FIRENZE – «Va tutto bene, ma almeno in Toscana vorrei ripristinare le preferenze» avrebbe detto Enrico Rossi durante il faccia a faccia di alcune settimane fa con Matteo Renzi, durante il quale il sindaco-segretario del Pd promise la ricandidatura al governatore, senza primarie, nel 2015. E non c’è quindi da stupirsi se, contrariamente all’Italicum nazionale, nella proposta di legge elettorale per la Toscana il Pd sostenga la necessità di rimettere le preferenze, abolite dall’inciucione regionale Ds-Forza Italia del 2004.

Il problema? Che Forza Italia, fino a qualche mese fa possibilista, ha chiesto il rinvio della seduta in commissione per prendere tempo. Il rinvio? Guarda caso al 29 gennaio, lo stesso giorno in cui l’Italicum, con tutte le novità concordate fra Renzi Berlusconi, andrà in discussione alla Camera. L’obiettivo forzista? Intuibile: che il dibattito romano finisca per influenzare ­la scelta del Consiglio regionale. Dove i piccoli gruppi sono insorti. Giuseppe Del Carlo, numero uno dell’Udc, è stato tranciante: “Senza le preferenze non andiamo da nessuna parte. La Corte Costituzionale ha bocciato il Porcellum proprio perché non prevede va la possibilità di scegliere da parte dei cittadini”. All’attacco anche Alberto Magnolfi, capogruppo del Nuovo centrodestra (uscito da Forza Italia dopo lo strappo di Alfano) e Gian Luc a Lazzeri, ex Lega e ora aderente al Nuovo centrodestra con il suo capogruppo, Antonio Gambetta Vianna.

Come finirà? E’ possibile che Renzi, in Toscana, dia via libera alle aspettative di Rossi, con il quale ha sicuramente siglato una sorta di patto di non belligeranza. Vuol dire che il presidente della Regione, prima filo bersaniano eppoi sostenitore di Cuperlo, non disturberà il Rottamaore a livello nazionale in cambio di una ragionevole autonomia in Toscana. Così la legge elettorale che sta prendendo piede nell’Aula di Palazzo Panciatichi non cambierà molto rispetto alla bozza fatta circolare, già da un paio di mesi, dal capogruppo del Pd, Marco Ruggeri (da ieri possibile candidato sindaco di Livorno). Che prevede:

1) Elezione diretta del presidente con eventuale doppio turno. Se nessun candidato ottiene il 40% si procede al ballottaggio.

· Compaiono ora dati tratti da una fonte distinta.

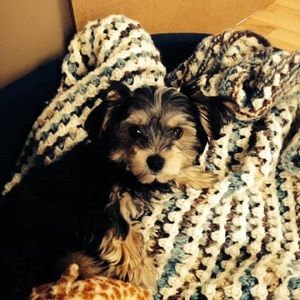 Meet your Posher, Dennis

2) Premio di maggioranza: 60% ovvero 24 consiglieri su 40

3) Abolizione del listino regionale ( ma anche su questo punto Forza Italia punta i piedi e vorrebbe il mantenimento del listino).

4) Divisione di Firenze in circoscrizioni, in modo da evitare che il capoluogo ottenga un numeo di eletti assai superiore a quelli delle altre province.

5) Sbarramento al 4% per i partiti singoli e per le coalizioni. Ma qui potrebbe esserci una correzione: sbarramento al 3% per i partiti che entrano in coalizione.

Si vorrebbero istituire 13/14 circoscrizioni in tutta la Toscana. In ogni circoscrizione ci sarebbero più candidati per ogni lista e passerebbero quelli candidati con il maggior numero di preferenze avendo definito i seggi spettanti a livello di singola circoscrizione in maniera proporzionale, salvo gli effetti del premio di maggioranza. Si parla di due voti di preferenza espressi a candidati di sesso diverso, sul modello delle elezioni amministrative.

Morale? Il tempo stringe. E il Pd, che tanto ha tuonato contro il Porcellum (dimenticando che i Ds furono protagonisti dell’inciucione del 2004), stavolta potrebbe stringere sulle preferenze, potendo contare su una consistente maggioranza trasversale.